No. of patients who could not complete the scheduled RT.

(One of two patients who received 36 Gy in 18 fractions).

BED10, Biologically Effective Dose calculated by the Linear Quadratic Formula with an alpha/beta ratio of 10; CTV, clinical target volume.

ITV was determined according to six respiratory phases within CT images over the course of two days. A PTV margin of 0.5–1.0 cm was used with three-dimensional conformal RT (3DCRT) for radiation delivery. Daily low-dose cone-beam CT was used for image guidance. All patients were treated with 3DCRT with six or 10 MV X-rays. Figure 1 shows a representative treatment plan.

FIG. 1.

Representative 3DCRT planning with four static portals for gastric cancer originating from the gastric antrum. Case: Male (85 years.); Stage IIIA (T3N2M0). 3DCRT, three-dimensional conformal RT; RT, radiation therapy.

The median total dose was 30 Gy (range: 20–40 Gy). A total dose of 30 Gy was delivered to 17/28 patients in 10 fractions. The biologically effective dose (BED), calculated using the linear quadratic formula, was used to compare the fractionation regimens.[13] BED10 was calculated using an alpha/beta ratio of 10.

Chemotherapy

Fifteen patients received chemotherapy (CH) before RT. The first-line CH regimens were S-1 (n = 6), S-1/cisplatin (n = 6), S-1/oxaliplatin (SOX) (n = 2), and S-1/cisplatin/trastuzumab (n = 1). Six patients received second-line CH comprising ramucirumab (RAM)/paclitaxel (PTX) (n = 3), RAM/nab-PTX (n = 2), and camptothecin-11 (CPT-11) (n = 1). Nivolumab was administered to two patients as third-line CH. Three patients received concurrent chemoradiotherapy (CRT) (S-1, n = 2 and CPT-11, n = 1). CH was administered after RT in four patients (S-1, n = 2; G-SOX/trastuzumab, n = 1; trifluridine and tipiracil hydrochloride, n = 1). Twelve patients did not receive CH during the clinical course.

BT and hemoglobin levels

BT was performed in 22 patients before RT; 18/28 patients did not receive BT during the RT period. The remaining 10 patients received BT (which had been scheduled before the start of RT) later, because RT was performed as soon as possible to achieve hemostasis.

Hemoglobin (Hb) levels were measured two, three, four, and six weeks after RT (n = 5, n = 1, n = 21, and n = 12, respectively). Hb levels could not be measured in one patient who was transferred to hospice immediately after RT. Hb levels were measured the day after BT in 10 patients who received BT during RT. Ten patients had Hb measurements conducted at both four and six weeks after RT.

Evaluation and statistical analyses

The follow-up period was calculated from the start of RT, and a prognosis survey was conducted in March 2021. No patient was lost to follow-up. The median follow-up period was 143.5 days (range 18–663 days). Seven patients were alive at the end of follow-up.

Changes in Hb levels were compared at the start of RT and four weeks after the end of RT for patients who did not receive BT during RT. In patients who received BT during RT, changes in Hb levels were compared at the end of BT and four weeks after RT. In patients who had Hb measurements conducted at both four and six weeks after RT, changes in Hb levels were also compared at four and six weeks after RT. Statistical differences were compared using paired t tests. RT was defined as effective if the patients did not receive BT for more than one month after RT.

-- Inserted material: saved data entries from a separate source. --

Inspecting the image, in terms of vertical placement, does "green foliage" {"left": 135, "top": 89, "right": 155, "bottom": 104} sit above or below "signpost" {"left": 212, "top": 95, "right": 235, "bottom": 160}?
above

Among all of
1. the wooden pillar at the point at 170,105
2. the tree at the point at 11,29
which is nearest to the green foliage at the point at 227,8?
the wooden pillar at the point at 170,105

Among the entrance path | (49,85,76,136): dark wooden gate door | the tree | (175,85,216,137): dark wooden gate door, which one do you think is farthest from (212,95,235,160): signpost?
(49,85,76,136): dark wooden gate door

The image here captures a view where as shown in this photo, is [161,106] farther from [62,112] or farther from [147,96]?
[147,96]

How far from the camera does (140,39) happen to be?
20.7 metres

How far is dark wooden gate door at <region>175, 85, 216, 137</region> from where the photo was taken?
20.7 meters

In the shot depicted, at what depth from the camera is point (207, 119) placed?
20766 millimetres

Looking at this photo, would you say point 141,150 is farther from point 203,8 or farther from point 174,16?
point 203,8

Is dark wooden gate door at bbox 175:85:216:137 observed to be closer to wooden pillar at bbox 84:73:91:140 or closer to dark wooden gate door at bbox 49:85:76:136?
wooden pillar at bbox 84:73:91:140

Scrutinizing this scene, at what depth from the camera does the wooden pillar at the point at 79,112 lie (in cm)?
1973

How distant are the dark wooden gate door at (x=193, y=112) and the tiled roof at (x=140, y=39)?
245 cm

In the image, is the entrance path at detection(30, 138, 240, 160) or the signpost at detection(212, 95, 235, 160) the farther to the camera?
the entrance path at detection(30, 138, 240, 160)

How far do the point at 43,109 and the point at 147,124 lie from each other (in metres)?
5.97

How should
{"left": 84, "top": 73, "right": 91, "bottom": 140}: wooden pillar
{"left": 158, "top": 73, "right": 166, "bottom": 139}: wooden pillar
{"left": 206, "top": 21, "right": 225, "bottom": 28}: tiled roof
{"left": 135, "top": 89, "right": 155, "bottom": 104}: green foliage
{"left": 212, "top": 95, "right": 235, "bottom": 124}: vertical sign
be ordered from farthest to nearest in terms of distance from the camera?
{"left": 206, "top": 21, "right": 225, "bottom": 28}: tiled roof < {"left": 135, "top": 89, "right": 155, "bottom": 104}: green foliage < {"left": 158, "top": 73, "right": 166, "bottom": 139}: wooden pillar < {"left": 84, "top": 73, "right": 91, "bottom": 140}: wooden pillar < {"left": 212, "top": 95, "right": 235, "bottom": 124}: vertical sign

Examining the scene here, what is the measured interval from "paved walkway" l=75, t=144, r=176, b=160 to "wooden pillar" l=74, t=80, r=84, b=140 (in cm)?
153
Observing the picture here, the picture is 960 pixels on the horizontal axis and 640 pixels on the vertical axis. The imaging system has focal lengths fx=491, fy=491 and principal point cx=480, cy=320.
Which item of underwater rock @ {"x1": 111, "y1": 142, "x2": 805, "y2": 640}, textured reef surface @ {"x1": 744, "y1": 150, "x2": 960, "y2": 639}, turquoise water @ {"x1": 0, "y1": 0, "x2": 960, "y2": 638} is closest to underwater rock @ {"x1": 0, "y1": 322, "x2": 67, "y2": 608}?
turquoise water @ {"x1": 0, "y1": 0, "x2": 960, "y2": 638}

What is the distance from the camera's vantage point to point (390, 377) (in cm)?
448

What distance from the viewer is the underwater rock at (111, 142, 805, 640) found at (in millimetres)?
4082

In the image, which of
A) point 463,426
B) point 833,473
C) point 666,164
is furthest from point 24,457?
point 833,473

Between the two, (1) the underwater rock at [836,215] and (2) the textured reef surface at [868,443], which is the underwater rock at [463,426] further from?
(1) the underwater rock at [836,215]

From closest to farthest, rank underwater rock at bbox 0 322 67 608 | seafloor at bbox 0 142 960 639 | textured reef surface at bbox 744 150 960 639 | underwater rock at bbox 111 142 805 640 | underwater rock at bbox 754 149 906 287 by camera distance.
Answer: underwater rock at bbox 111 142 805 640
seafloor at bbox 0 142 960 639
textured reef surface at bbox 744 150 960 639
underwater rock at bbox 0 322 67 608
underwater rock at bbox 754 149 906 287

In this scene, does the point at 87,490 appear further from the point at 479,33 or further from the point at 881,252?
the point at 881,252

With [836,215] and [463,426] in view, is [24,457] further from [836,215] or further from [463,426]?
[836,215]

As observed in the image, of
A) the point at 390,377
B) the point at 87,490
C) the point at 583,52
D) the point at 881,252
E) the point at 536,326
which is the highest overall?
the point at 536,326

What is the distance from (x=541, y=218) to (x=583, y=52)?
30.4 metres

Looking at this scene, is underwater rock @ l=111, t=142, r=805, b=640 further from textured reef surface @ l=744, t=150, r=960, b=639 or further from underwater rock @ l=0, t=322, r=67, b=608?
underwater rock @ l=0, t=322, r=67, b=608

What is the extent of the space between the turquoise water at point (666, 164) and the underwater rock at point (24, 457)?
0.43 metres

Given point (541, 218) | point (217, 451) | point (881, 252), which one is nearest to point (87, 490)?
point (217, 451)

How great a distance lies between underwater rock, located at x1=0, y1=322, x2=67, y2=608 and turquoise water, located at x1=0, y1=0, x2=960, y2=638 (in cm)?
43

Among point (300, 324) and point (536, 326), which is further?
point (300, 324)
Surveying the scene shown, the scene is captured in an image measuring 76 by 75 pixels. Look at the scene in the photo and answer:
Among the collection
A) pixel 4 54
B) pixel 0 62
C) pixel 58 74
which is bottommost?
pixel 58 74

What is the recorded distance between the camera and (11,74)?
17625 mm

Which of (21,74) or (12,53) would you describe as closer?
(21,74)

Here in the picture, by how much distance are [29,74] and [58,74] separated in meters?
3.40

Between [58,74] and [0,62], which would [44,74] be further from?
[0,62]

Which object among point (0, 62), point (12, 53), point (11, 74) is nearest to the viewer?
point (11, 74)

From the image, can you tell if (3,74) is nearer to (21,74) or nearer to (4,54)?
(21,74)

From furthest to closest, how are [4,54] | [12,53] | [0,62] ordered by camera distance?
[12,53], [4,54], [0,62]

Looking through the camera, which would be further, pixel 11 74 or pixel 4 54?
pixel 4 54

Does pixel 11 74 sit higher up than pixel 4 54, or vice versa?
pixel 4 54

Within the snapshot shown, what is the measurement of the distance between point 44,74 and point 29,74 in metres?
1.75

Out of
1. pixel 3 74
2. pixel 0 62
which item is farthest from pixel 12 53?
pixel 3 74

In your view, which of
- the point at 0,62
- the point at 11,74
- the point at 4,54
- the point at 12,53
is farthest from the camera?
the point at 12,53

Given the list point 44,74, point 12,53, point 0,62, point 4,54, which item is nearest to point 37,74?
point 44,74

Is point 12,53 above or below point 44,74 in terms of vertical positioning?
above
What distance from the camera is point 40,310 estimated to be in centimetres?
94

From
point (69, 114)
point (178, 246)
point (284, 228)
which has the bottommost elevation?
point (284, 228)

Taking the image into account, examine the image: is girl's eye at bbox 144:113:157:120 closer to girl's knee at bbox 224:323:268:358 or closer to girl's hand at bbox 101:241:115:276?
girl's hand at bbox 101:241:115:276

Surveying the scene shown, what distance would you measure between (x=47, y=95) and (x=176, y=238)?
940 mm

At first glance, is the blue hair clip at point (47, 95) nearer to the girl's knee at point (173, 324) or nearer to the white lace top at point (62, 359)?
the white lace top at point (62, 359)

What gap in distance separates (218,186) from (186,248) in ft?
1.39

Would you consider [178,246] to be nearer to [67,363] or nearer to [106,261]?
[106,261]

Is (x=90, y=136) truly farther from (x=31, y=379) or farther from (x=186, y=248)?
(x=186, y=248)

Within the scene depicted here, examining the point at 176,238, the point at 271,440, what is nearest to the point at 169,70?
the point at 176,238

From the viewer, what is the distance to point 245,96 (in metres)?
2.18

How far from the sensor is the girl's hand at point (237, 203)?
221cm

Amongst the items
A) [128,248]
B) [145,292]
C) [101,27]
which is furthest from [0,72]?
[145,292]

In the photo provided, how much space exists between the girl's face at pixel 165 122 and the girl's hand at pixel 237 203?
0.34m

Blood transfusion-free survival (BTFS) and overall survival (OS) were measured from the start date of RT and assessed using the Kaplan–Meier method. Scheduled BT during RT was not considered in the calculation of BTFS time among 10 patients.

BTFS and OS were calculated by clinical stage, T stage, CH, and BED10. The log-rank test was used for statistical comparisons. Patients without BT were censored at the time of death.

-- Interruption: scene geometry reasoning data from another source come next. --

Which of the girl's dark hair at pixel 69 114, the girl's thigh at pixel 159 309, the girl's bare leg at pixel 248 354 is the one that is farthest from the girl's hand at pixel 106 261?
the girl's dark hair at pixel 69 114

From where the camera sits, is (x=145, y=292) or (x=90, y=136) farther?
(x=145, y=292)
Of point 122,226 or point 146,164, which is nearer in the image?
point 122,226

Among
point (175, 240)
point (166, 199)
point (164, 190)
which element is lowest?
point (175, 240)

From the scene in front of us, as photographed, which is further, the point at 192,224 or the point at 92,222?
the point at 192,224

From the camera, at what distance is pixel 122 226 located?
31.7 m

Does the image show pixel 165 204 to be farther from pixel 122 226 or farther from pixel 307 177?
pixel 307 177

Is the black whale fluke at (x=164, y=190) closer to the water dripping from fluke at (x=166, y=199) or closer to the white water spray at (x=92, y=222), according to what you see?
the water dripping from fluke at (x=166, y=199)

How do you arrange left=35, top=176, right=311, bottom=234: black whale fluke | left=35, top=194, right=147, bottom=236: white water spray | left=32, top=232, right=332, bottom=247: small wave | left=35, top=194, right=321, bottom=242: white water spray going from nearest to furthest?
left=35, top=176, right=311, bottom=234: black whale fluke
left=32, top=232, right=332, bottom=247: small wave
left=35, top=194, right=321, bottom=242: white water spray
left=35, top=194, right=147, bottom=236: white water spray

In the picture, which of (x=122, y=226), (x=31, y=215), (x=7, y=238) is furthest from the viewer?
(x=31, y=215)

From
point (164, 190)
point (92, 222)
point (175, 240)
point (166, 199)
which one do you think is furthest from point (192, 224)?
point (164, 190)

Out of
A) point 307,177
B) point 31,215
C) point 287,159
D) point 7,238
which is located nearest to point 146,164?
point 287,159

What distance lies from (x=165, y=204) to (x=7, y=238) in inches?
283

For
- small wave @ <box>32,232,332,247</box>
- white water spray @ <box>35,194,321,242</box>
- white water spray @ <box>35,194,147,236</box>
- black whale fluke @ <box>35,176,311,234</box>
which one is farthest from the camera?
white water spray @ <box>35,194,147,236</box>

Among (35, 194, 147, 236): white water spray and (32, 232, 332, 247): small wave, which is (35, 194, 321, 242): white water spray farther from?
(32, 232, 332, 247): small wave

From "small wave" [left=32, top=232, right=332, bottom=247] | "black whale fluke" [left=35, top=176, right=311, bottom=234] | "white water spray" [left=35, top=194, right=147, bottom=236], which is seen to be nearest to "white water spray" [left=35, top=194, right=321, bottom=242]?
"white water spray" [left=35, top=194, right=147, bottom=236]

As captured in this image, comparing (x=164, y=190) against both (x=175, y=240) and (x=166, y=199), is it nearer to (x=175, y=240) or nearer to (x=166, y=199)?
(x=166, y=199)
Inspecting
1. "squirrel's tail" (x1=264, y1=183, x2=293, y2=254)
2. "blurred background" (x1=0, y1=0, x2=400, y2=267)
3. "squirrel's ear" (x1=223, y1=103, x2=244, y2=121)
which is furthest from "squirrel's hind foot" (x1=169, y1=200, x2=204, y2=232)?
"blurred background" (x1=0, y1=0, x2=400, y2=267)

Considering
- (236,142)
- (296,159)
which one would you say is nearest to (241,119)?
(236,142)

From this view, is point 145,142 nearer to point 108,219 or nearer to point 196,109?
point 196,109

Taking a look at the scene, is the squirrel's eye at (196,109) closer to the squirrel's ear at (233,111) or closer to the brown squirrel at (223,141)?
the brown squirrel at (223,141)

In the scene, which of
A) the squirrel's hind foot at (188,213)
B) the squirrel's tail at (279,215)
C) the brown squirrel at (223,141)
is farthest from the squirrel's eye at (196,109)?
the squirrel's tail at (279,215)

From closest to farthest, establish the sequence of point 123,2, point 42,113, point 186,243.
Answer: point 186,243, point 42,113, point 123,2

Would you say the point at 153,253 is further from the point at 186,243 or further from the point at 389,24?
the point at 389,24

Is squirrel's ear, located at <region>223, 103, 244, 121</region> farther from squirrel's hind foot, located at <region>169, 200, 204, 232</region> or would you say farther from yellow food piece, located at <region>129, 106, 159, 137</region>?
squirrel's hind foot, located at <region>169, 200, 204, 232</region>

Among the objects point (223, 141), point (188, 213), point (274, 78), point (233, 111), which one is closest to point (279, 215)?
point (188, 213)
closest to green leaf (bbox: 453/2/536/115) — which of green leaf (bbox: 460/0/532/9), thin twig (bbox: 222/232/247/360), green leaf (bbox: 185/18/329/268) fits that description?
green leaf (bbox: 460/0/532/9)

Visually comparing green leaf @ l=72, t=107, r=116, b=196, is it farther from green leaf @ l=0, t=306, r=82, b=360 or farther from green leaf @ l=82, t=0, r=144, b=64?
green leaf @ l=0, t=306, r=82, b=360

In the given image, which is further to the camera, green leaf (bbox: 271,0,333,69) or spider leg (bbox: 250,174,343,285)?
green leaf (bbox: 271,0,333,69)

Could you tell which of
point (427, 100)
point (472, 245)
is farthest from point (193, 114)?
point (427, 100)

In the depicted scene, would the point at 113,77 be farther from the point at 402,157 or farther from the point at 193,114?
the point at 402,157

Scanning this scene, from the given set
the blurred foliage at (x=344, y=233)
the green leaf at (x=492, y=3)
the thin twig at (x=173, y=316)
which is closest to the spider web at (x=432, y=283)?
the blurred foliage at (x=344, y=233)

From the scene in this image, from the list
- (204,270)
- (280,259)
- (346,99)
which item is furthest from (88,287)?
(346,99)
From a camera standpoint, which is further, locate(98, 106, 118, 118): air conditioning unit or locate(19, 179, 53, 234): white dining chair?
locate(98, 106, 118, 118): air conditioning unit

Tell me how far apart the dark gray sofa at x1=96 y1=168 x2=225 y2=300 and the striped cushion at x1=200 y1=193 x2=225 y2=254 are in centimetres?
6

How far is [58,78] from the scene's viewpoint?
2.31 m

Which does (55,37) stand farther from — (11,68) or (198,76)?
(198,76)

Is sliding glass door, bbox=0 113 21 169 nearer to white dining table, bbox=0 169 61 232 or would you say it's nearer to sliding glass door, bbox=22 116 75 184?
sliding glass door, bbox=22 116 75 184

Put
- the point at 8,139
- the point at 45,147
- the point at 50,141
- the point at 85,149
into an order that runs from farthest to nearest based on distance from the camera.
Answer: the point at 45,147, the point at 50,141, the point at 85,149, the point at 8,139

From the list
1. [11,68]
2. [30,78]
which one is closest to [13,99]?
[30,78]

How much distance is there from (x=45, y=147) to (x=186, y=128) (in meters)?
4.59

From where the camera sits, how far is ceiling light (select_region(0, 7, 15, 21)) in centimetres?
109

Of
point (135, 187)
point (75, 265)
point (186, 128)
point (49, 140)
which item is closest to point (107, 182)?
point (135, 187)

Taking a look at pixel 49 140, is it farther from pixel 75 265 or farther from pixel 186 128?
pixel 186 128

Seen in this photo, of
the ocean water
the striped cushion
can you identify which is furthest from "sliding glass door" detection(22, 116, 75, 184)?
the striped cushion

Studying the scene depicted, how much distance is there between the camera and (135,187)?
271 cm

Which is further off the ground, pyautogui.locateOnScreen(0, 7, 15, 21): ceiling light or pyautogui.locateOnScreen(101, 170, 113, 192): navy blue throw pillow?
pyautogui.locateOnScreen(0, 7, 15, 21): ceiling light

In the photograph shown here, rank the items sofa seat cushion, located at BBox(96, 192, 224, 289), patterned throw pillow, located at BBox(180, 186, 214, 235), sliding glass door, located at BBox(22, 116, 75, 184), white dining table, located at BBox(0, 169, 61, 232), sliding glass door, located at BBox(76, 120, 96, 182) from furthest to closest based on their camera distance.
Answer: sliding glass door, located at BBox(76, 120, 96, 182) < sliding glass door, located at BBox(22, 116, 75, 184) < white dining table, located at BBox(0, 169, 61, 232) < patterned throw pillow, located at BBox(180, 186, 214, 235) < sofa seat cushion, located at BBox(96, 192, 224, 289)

p-Values <0.05 were considered statistically significant.

Treatment toxicities were evaluated within 60 days of RT initiation according to the CTCAE-v5.

Results

Completion of RT

Twenty-five out of 28 patients completed the scheduled RT. Two patients discontinued RT at 60% and 85% of the planned total dose, respectively, due to a worsening general condition. One patient was transferred to hospice at 90% of the planned total dose.

Changes in Hb levels

Figure 2 shows changes in Hb levels due to RT for 10 patients who received scheduled BT during RT and for 18 patients who did not receive BT during RT. The mean Hb ± standard deviation (SD) was 9.5 ± 1.5 g/dL before RT and 9.9 ± 2.0 g/dL four weeks after RT for 14 patients who did not receive scheduled BT during RT (Fig. 3). This difference was not statistically significant. The mean Hb ± SD was 7.5 ± 0.9 g/dL before RT, 9.7 ± 0.9 g/dL after BT, and 10.0 ± 1.1 g/dL four weeks after RT for seven patients who received BT during RT. No statistically significant changes in Hb levels were observed between the day after BT and four weeks after RT. The mean Hb ± SD at four and six weeks after RT in 10 patients were 9.9 ± 1.4 g/dL and 10.0 ± 0.9 g/dL, respectively (p > 0.05).

FIG. 2.

Changes in hemoglobin levels for each patient due to RT. Upper figure: Patients who received scheduled blood transfusion during RT. Lower figure: Patients who did not receive blood transfusions during RT.

FIG. 3.

Box and whisker plots of the distribution of Hb levels among patients receiving RT. Left figure: Patients who did not receive blood transfusions during RT and who had their Hb levels measured four weeks after RT (before RT vs. after RT; p > 0.05). Right figure: Patients who received scheduled blood transfusions during RT and had their Hb levels measured four weeks after RT (before RT vs. during RT; p < 0.05, during RT vs. after RT; p > 0.05). Hb, hemoglobin.

BT after RT

No patients received BT within a month after RT; three patients died during this interval. Six patients received BT with a median interval of 99.5 days from RT to BT (range 52–140 days). Thus, RT was found to be effective. The median follow-up for patients who received BT after RT was 127.5 days (range 91–266 days), while that of patients who did not receive BT after RT was 157.5 days (range 19–663 days). Four of 16 patients (25%) with T4 tumors received BT after RT, as did 2/12 patients (17%) with T1–3 tumors; 2/6 patients (33%) who received BT after RT were treated with concurrent and/or adjuvant CH, as were 2/22 patients (9%) who did not receive BT after RT.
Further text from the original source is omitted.